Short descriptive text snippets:
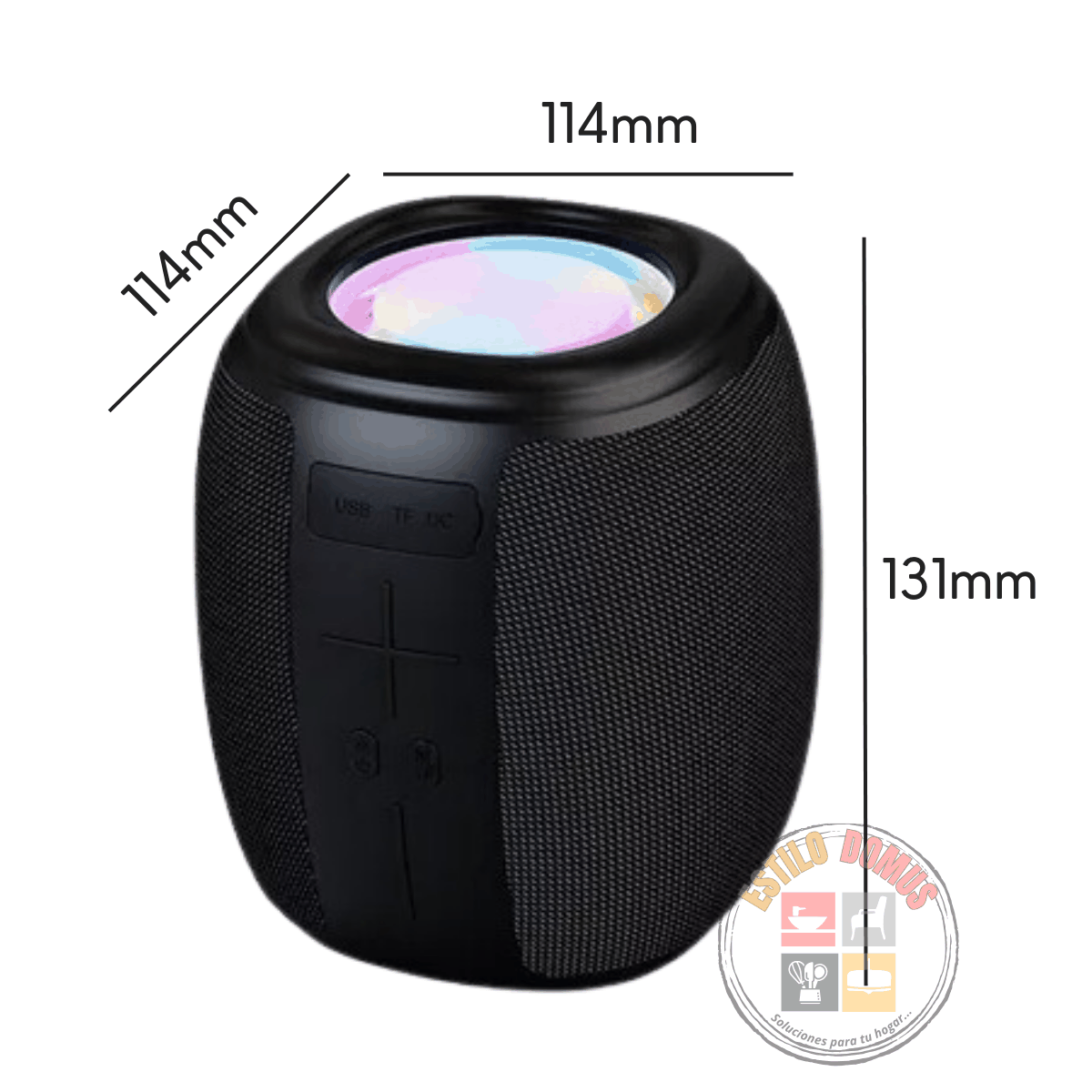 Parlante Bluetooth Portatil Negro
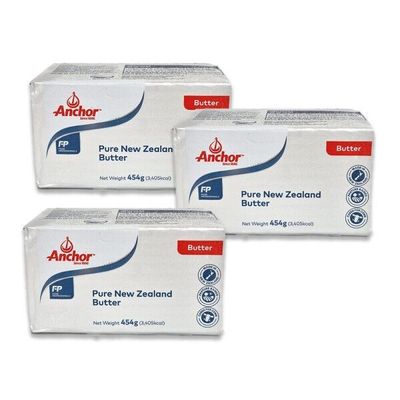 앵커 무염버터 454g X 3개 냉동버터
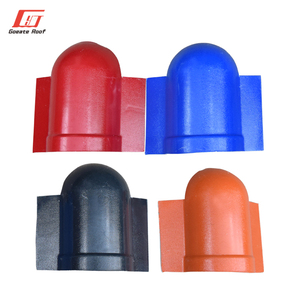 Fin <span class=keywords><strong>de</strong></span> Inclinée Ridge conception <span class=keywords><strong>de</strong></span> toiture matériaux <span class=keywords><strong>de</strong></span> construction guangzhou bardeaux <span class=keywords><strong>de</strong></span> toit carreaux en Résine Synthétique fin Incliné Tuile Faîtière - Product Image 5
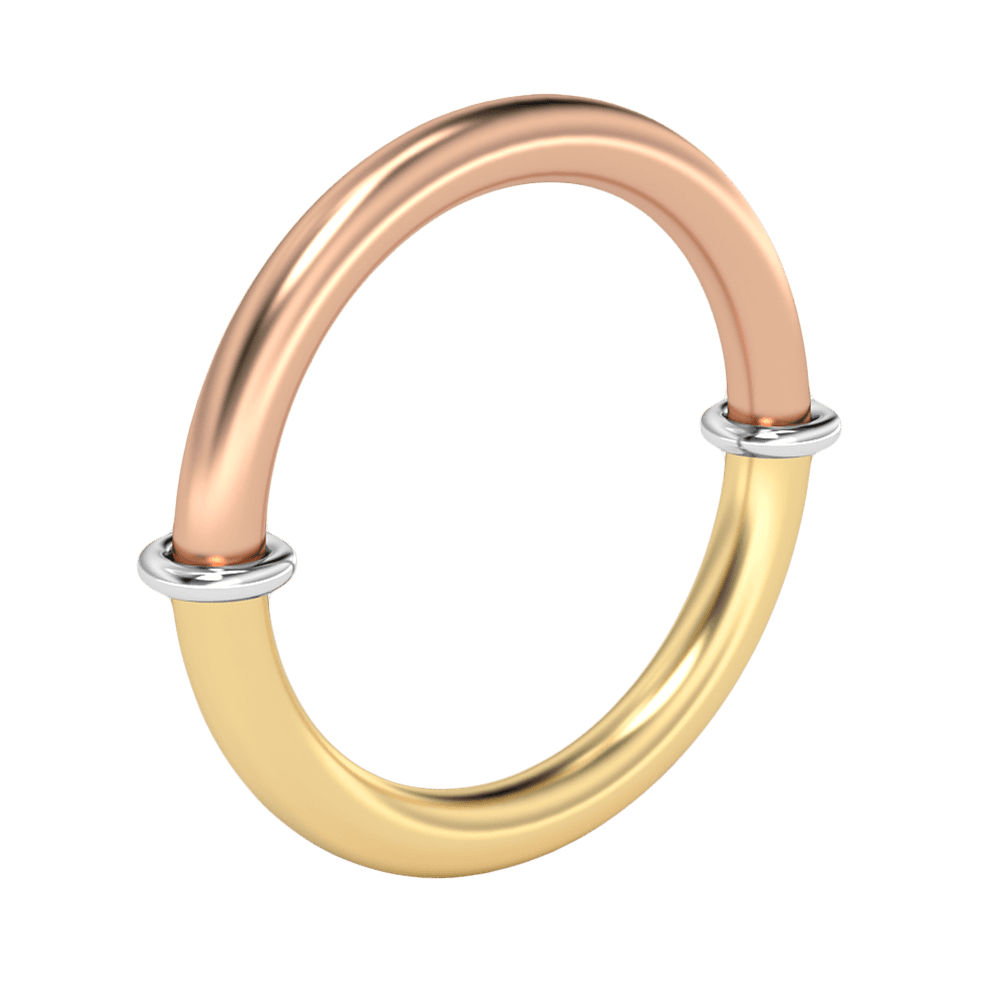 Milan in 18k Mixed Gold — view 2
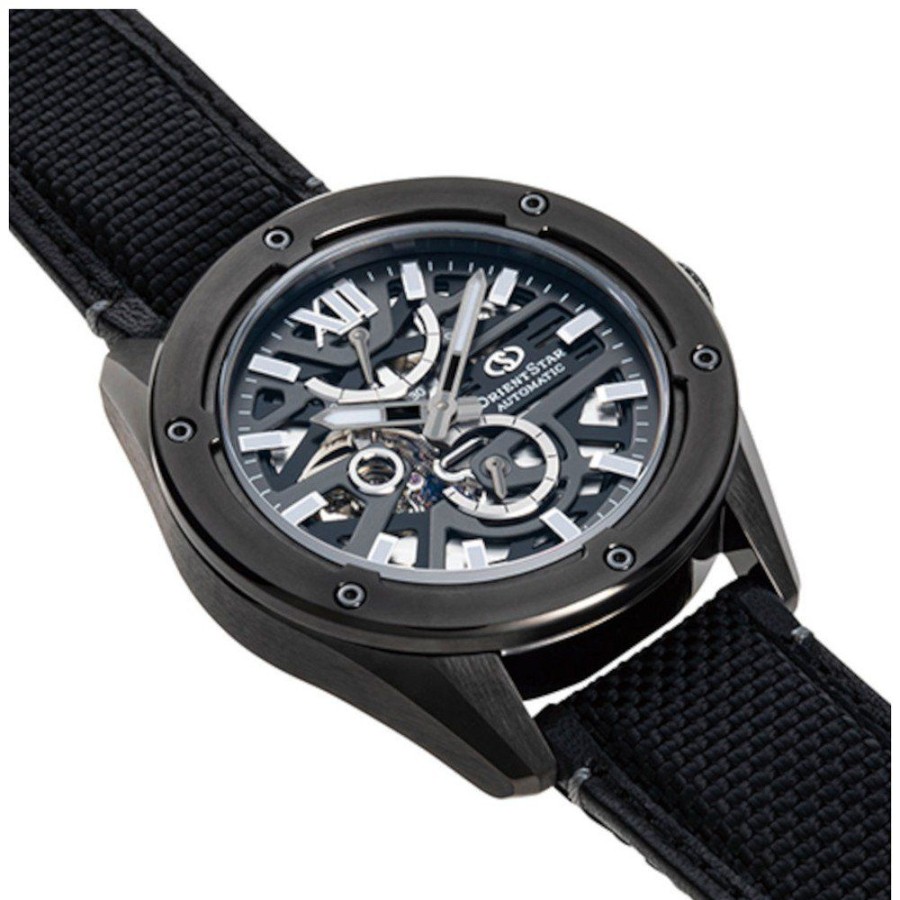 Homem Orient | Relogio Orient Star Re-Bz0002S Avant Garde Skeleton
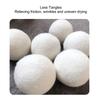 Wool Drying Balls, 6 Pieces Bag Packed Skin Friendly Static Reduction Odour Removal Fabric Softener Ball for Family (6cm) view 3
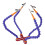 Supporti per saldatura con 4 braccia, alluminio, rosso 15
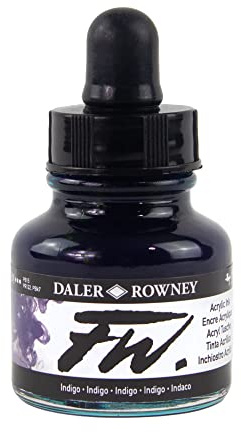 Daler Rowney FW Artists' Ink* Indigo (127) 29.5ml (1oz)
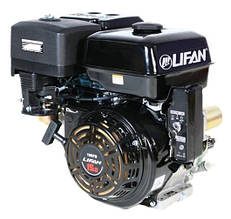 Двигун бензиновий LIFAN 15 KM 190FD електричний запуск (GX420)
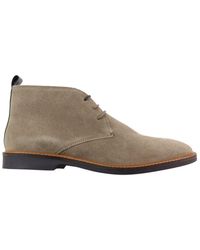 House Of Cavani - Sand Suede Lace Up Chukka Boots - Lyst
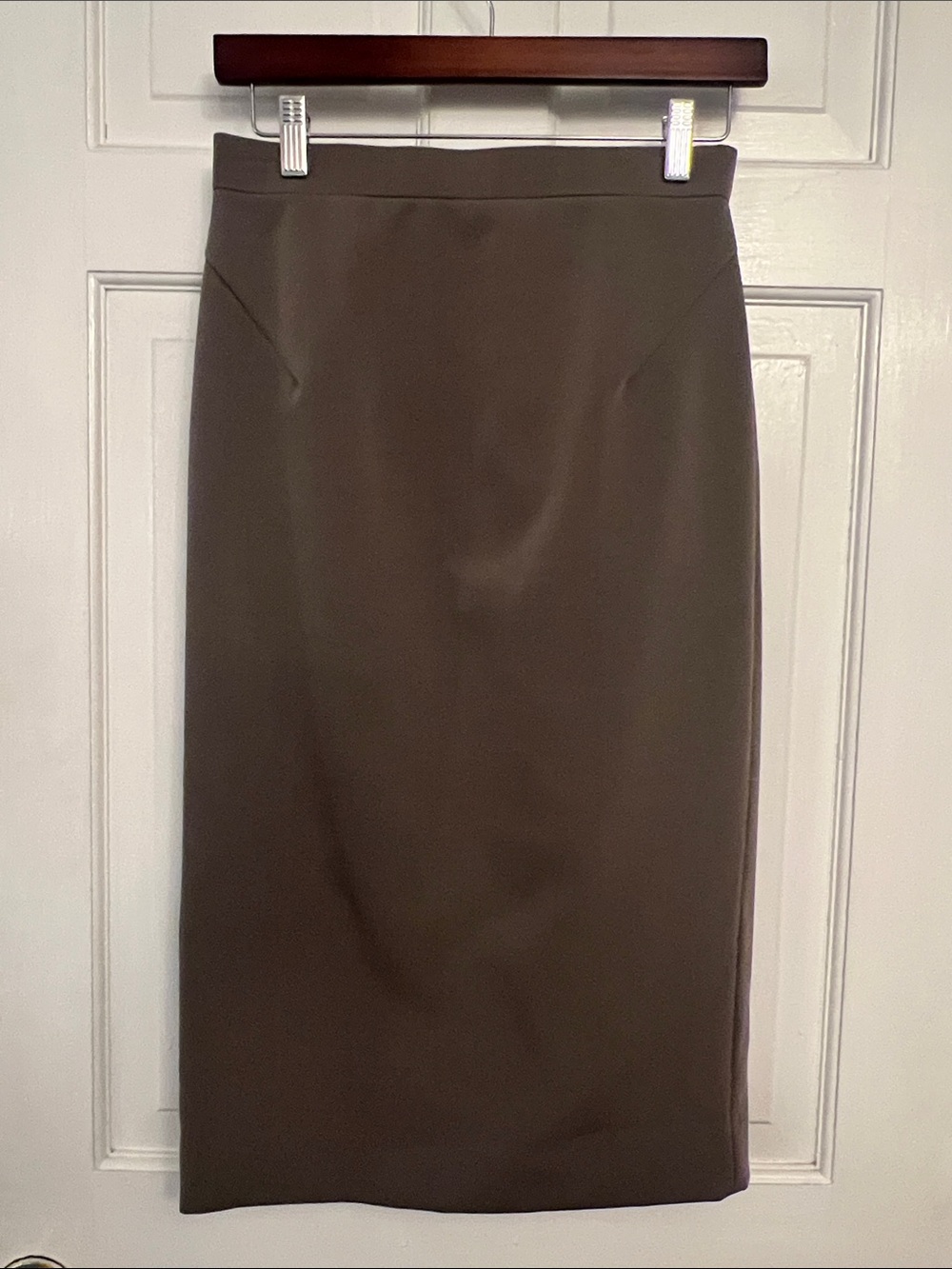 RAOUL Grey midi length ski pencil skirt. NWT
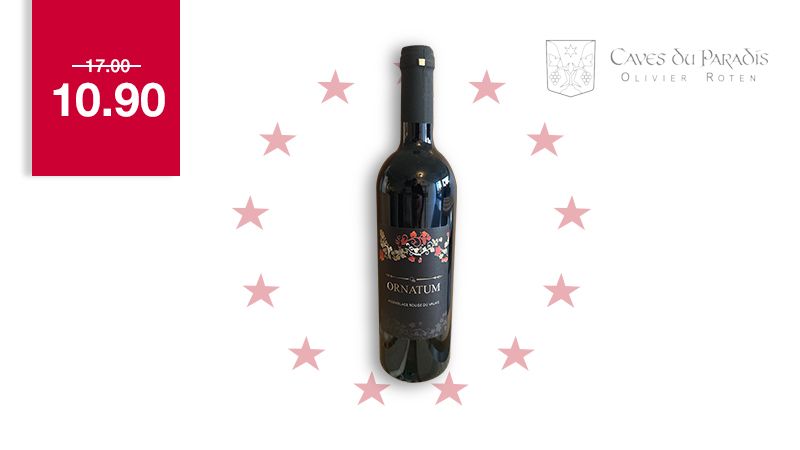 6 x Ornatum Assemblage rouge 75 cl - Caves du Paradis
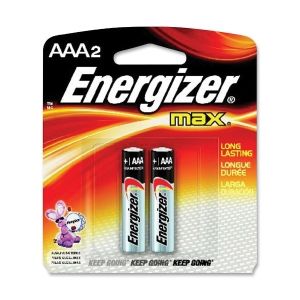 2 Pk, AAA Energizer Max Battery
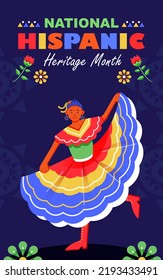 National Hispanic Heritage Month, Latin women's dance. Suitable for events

▶ _Your assignment_
Exactly as written, reproduce the lines from the one containing "RAOUL Grey midi length ski pencil skirt. NWT" through the last line of the entries above, and leave every picture out.

▶ _Output for this task_
 RAOUL Grey midi length ski pencil skirt. NWT
 6 x Ornatum Assemblage rouge 75 cl - Caves du Paradis
 2 Pk, AAA Energizer Max Battery
 National Hispanic Heritage Month, Latin women's dance. Suitable for events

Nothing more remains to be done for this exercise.